In simple terms, futures are contracts where the buyer and seller agree to deliver a certain commodity or financial asset at a certain point in the future at a price determined today.
For example, you think the price of wheat will rise next year, and the farmer who grows wheat is worried that he will suffer a loss if the price falls next year. Then the two of you can sign a contract and agree that at a certain time next year, the farmer will sell you a certain amount of wheat at the price agreed now. No matter what the actual price of wheat in the market is at that time, the transaction will be based on this agreed price. This contract is a futures contract.
It is bought and sold in a formal trading venue. Everyone can trade based on their expectations of future commodity prices. Some people buy futures contracts if they think it will rise, and some people sell futures contracts if they think it will fall. Finally, they make money or lose money according to the actual price situation.
In addition, there are many types of commodities involved in futures, such as soybeans and corn in agricultural products, copper and aluminum in metals, and crude oil in energy, etc., covering many aspects of life and production.

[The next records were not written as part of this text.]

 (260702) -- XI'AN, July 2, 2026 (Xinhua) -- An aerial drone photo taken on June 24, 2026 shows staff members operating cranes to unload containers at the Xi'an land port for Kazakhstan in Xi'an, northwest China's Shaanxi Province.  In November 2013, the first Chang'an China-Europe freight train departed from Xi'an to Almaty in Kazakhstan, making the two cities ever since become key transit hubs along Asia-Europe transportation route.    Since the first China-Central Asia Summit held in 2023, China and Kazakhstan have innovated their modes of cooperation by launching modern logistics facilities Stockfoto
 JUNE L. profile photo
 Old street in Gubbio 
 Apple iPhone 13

When trading, it also has some characteristics that are worth our attention. For example, it has a leverage effect. You don't have to take out the full value of the goods to participate in the transaction. You only need to take out a small part as a margin. It's like you only need to pay a deposit to settle this "big deal". If you do it in the right direction, the profit can be considerable, but if you do it in the wrong direction, the risk of loss will also increase accordingly, so you have to operate with caution.

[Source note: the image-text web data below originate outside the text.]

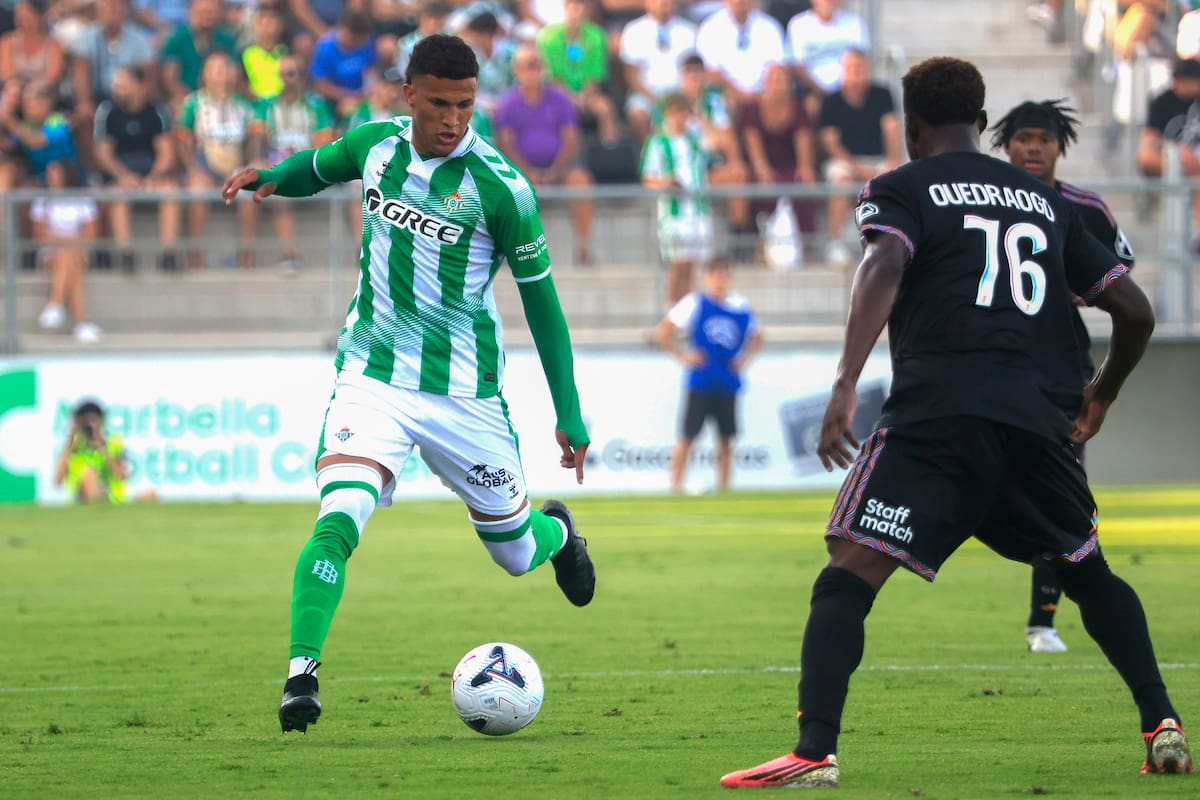 LÍNEA DE LA CONCEPCIÓN (CÁDIZ), 29/07/2026.- El centrocampista colombiano del Betis Nelson Deossa (i) disputa un balón ante Mohamadi Ouedraogo del Olimpique Lyonnais durante un partido amistoso de pretemporada entre el Real Betis y Olimpique Lyonnais este miércoles, en la Línea de la Concepción (Cádiz). EFE/ A.Carrasco Ragel.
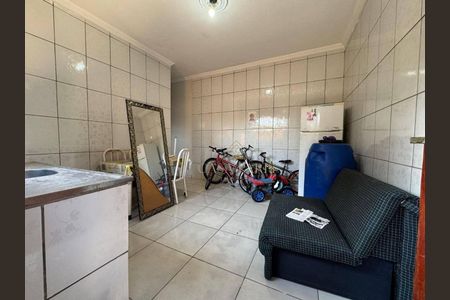 3_photo/94ce273bd7.5b0fa7abc9a2e704-ATLAS-43ed096c-2c5f-4fb4-975f-9b7c590bda1e.jpg de casa à venda com 5 quartos, 209m² em Vilamar, Praia Grande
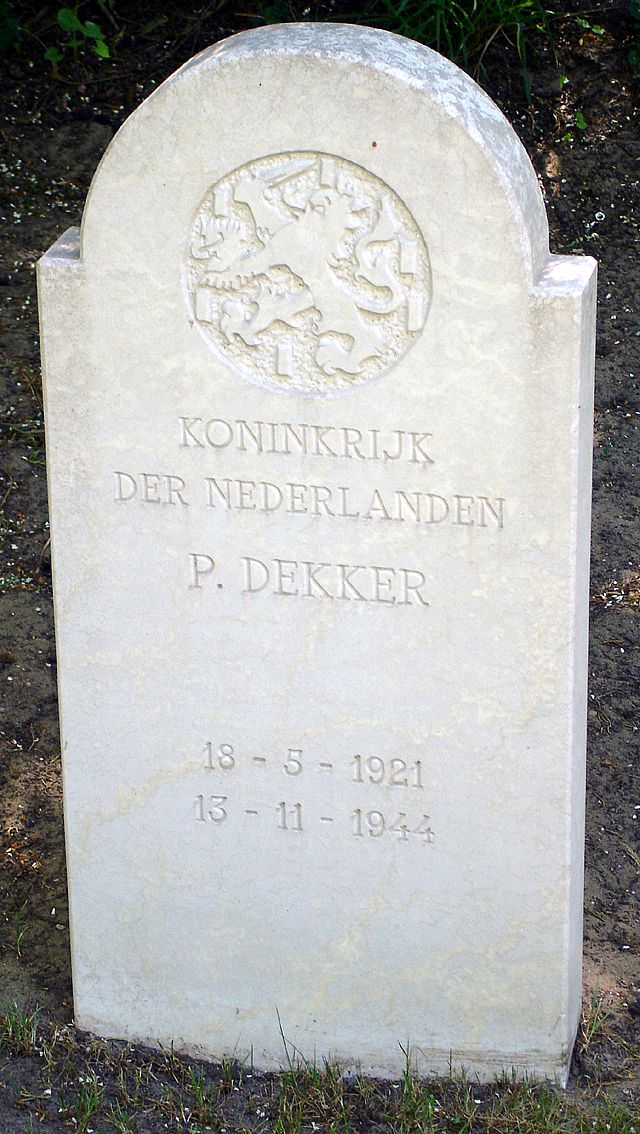 dekker.p.2007.jpg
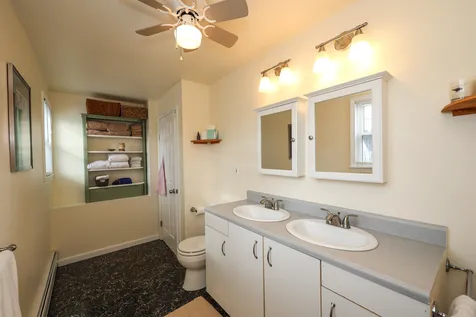 64 Amherst Street Nashua NH 03064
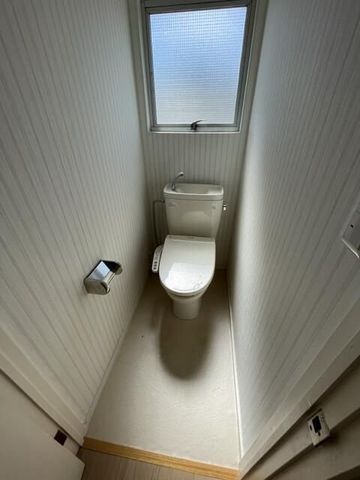 �y�g�C���z�@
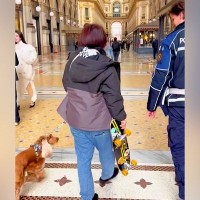 イタリアでスケボーする犬→警官に声を掛けられ『注意される』と思ったら…衝撃的な『まさかのリクエスト』が339万再生「可愛いは世界共通」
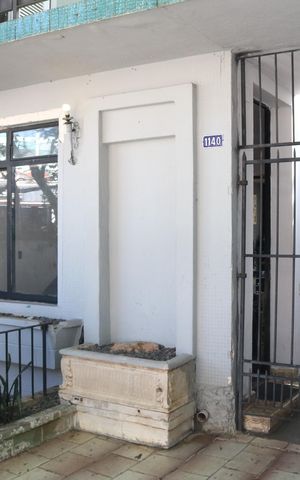 Casa à venda com 250m², 2 quartos e 1 vagaFachada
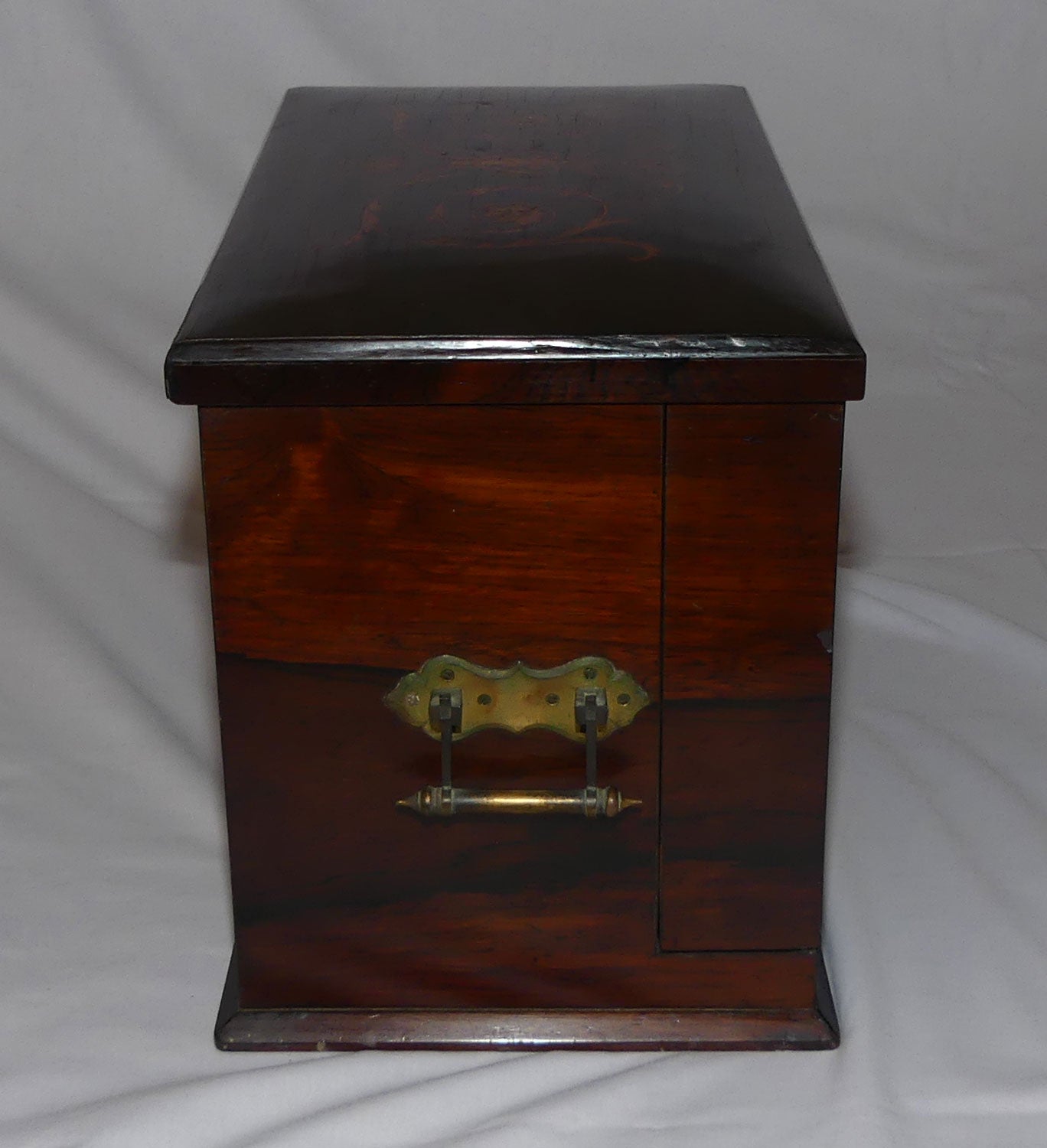 An Early to Mid Victorian Rosewood Travelling Office Writing Box | Compendium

Moreover, futures trading is very flexible. On the same day, you buy or sell the contract, and you can do the reverse operation according to the market changes on the same day, unlike some investments that have to wait until the next day or longer to operate. In short, futures are a way for you to invest and trade based on your own judgment of the future price trend of commodities, and you may get profits, but it has risks. If you want to participate in it, you must first learn the relevant knowledge and be well prepared.